Version: Next

DataProcess

DEPRECATED: This entity is deprecated and should not be used for new implementations.
Use dataFlow and dataJob instead.
The dataProcess entity was an early attempt to model data processing tasks but has been superseded by the more robust and flexible dataFlow and dataJob entities which better represent the hierarchical nature of modern data pipelines.

Deprecation Notice

The dataProcess entity was deprecated to provide a clearer separation between:

DataFlow: Represents the overall pipeline/workflow (e.g., an Airflow DAG, dbt project, Spark application)
DataJob: Represents individual tasks within a pipeline (e.g., an Airflow task, dbt model, Spark job)

This two-level hierarchy better matches how modern orchestration systems organize data processing work and provides more flexibility for lineage tracking, ownership assignment, and operational monitoring.

Why was it deprecated?

The original dataProcess entity had several limitations:

No hierarchical structure: It couldn't represent the relationship between a pipeline and its constituent tasks
Limited orchestrator support: The flat structure didn't map well to DAG-based orchestration platforms like Airflow, Prefect, or Dagster
Unclear semantics: It was ambiguous whether a dataProcess represented a whole pipeline or a single task
Poor lineage modeling: Without task-level granularity, lineage relationships were less precise

The new dataFlow and dataJob model addresses these limitations by providing a clear parent-child relationship that mirrors real-world data processing architectures.

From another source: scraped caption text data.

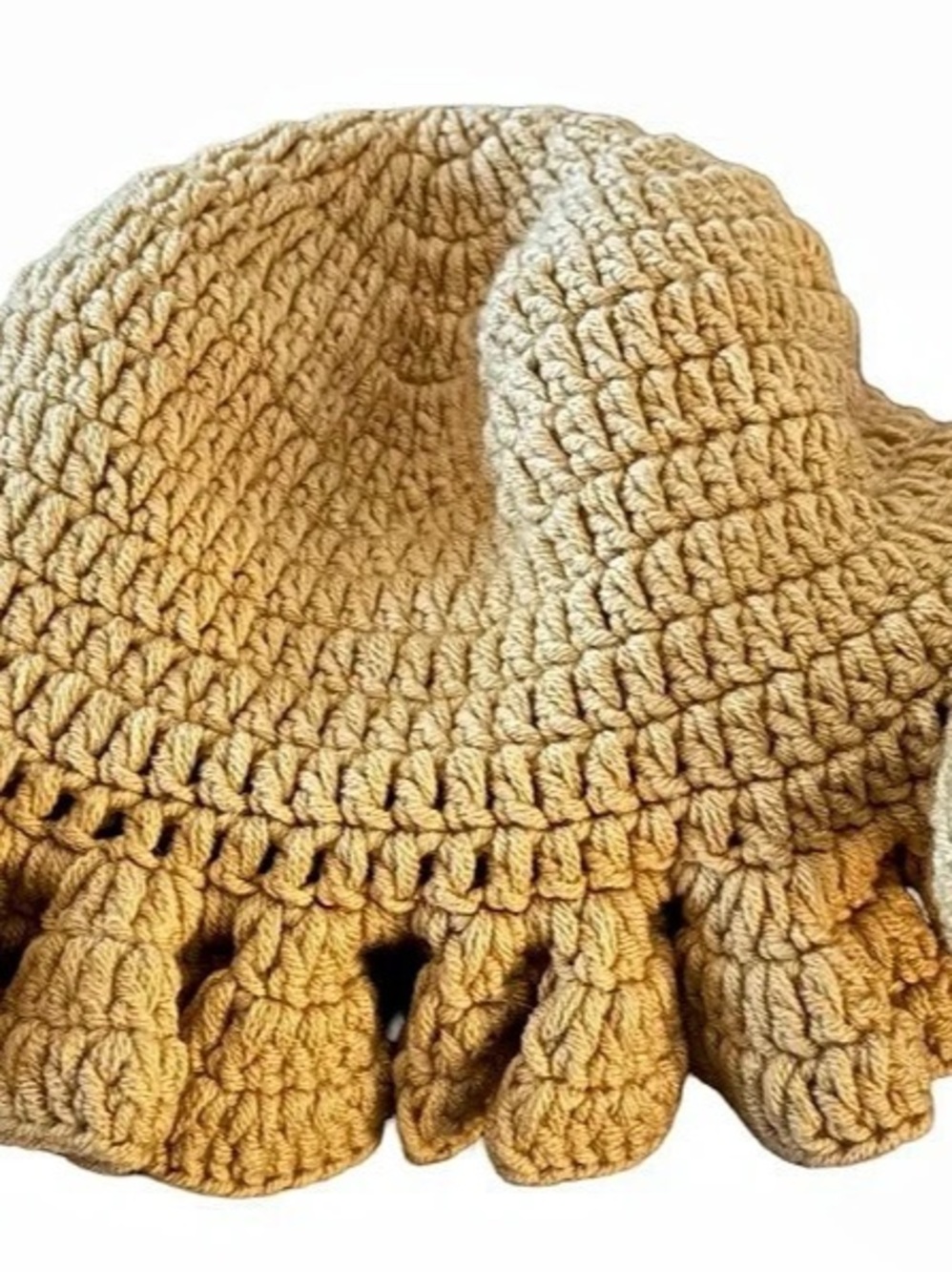 Crochet Ruffled Hat in Brown/Beige. OS.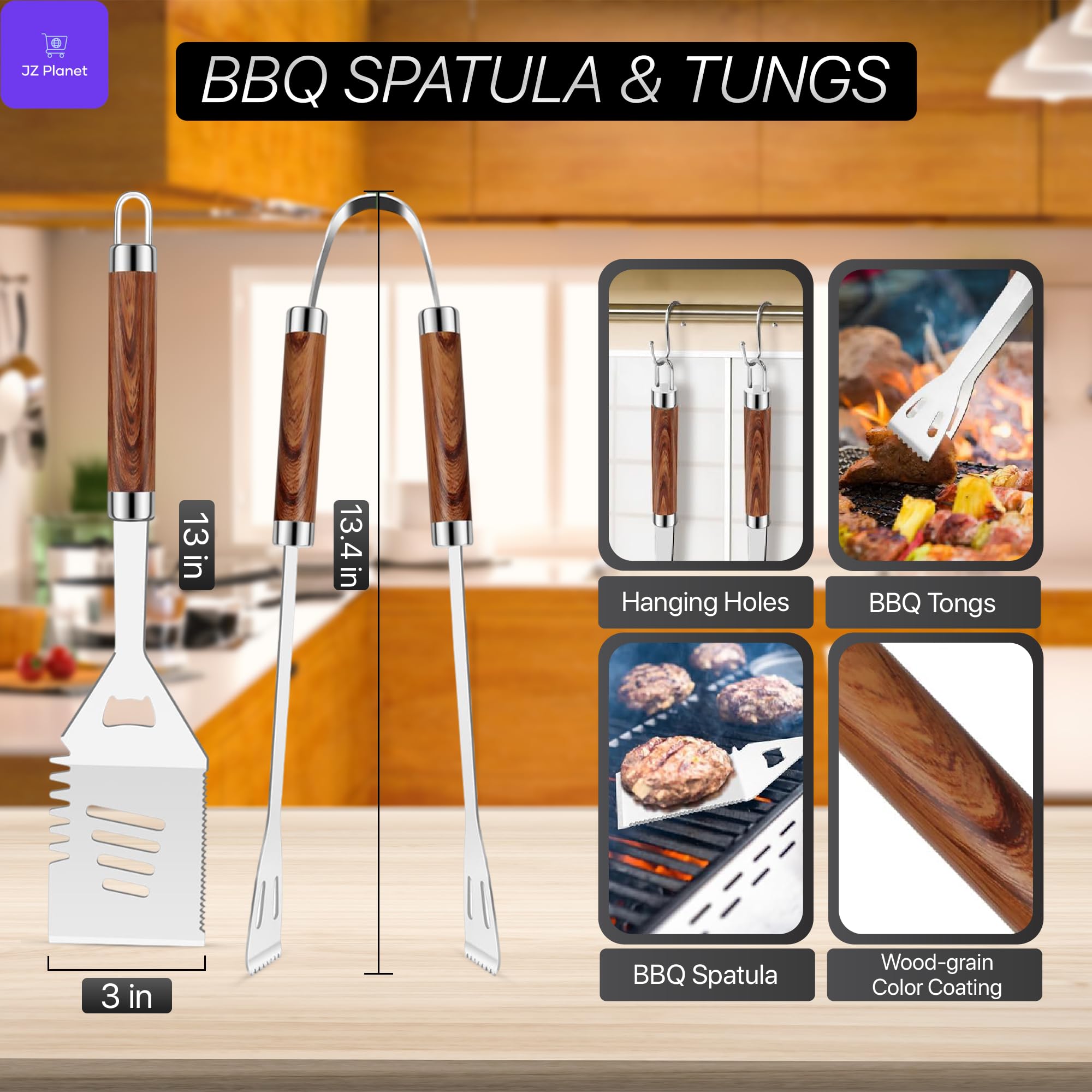 JZ Planet Barbecue Grill Tool Set - 24 PCS Stainless Steel BBQ Accessories with Storage Case - Heat-Resistant Handles, Skewers, Spatula, Tongs, Fork, Basting Brush - Grilling Kit for Outdoor Cooking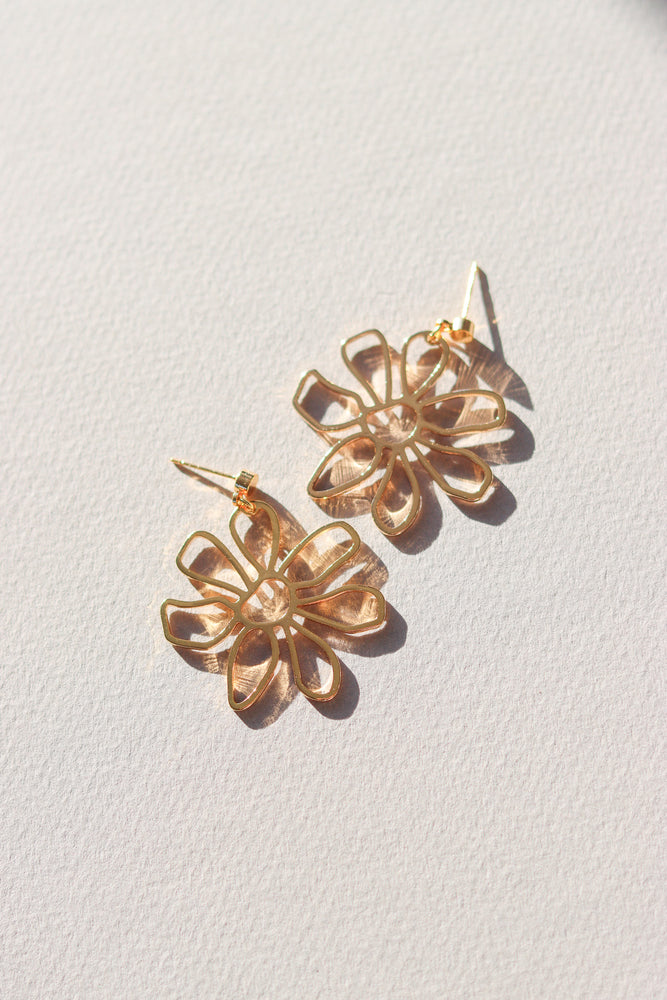 X-GOLD PLATED FLOWER LINE EARRINGS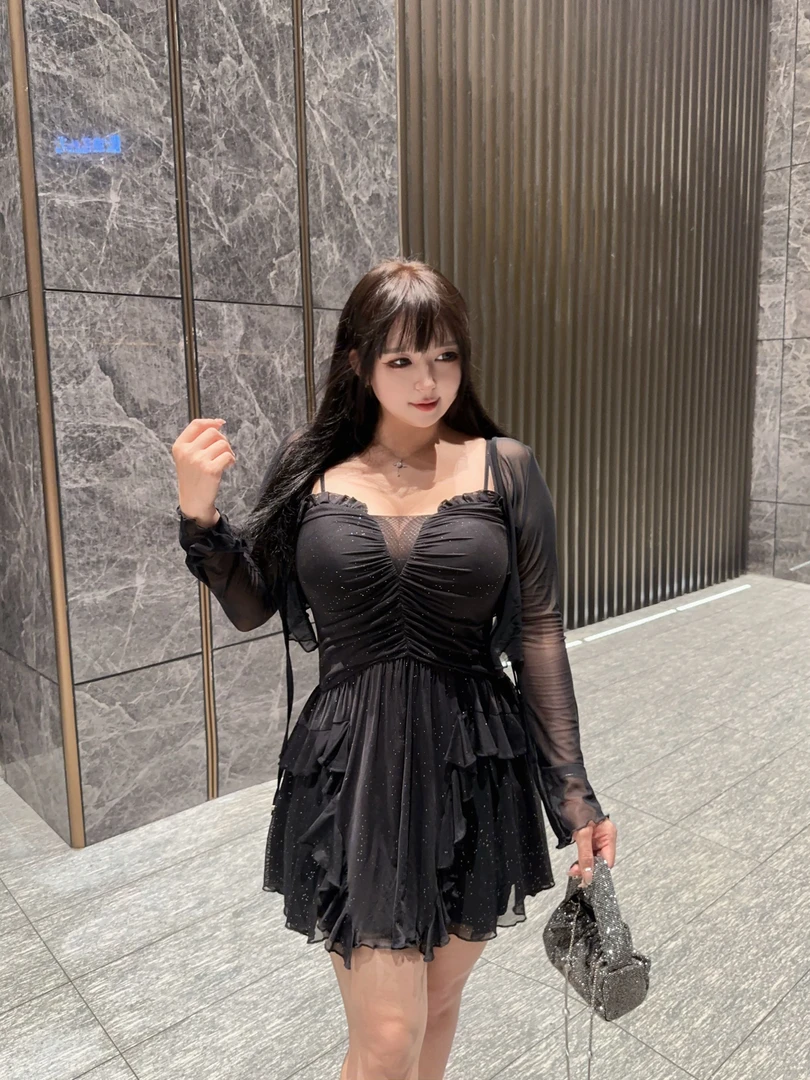 950胖m新中式辣妹风长裙短袖常规连衣裙黑色性感裙子修身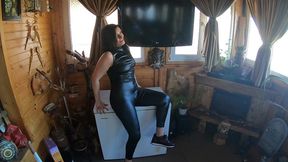 sexy cameltoe dance in tight jumpsuit and shiny green jacket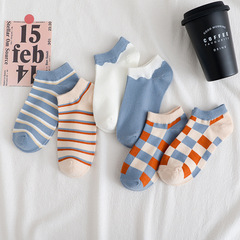 Socks for Girls - Spring and Autumn Style, Korean Version, Cotton Thin Striped Slip-On Cotton Boat Socks for Women, Cotton Ins Fashion Invisible Short Socks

Identity (Historical Reference)

DataProcess entities were identified by three components:

Name: The process name (typically an ETL job name)
Orchestrator: The workflow management platform (e.g., airflow, azkaban)
Origin (Fabric): The environment where the process runs (PROD, DEV, etc.)

The URN structure was:

urn:li:dataProcess:(<name>,<orchestrator>,<origin>)

Example URNs

urn:li:dataProcess:(customer_etl_job,airflow,PROD)
urn:li:dataProcess:(sales_aggregation,azkaban,DEV)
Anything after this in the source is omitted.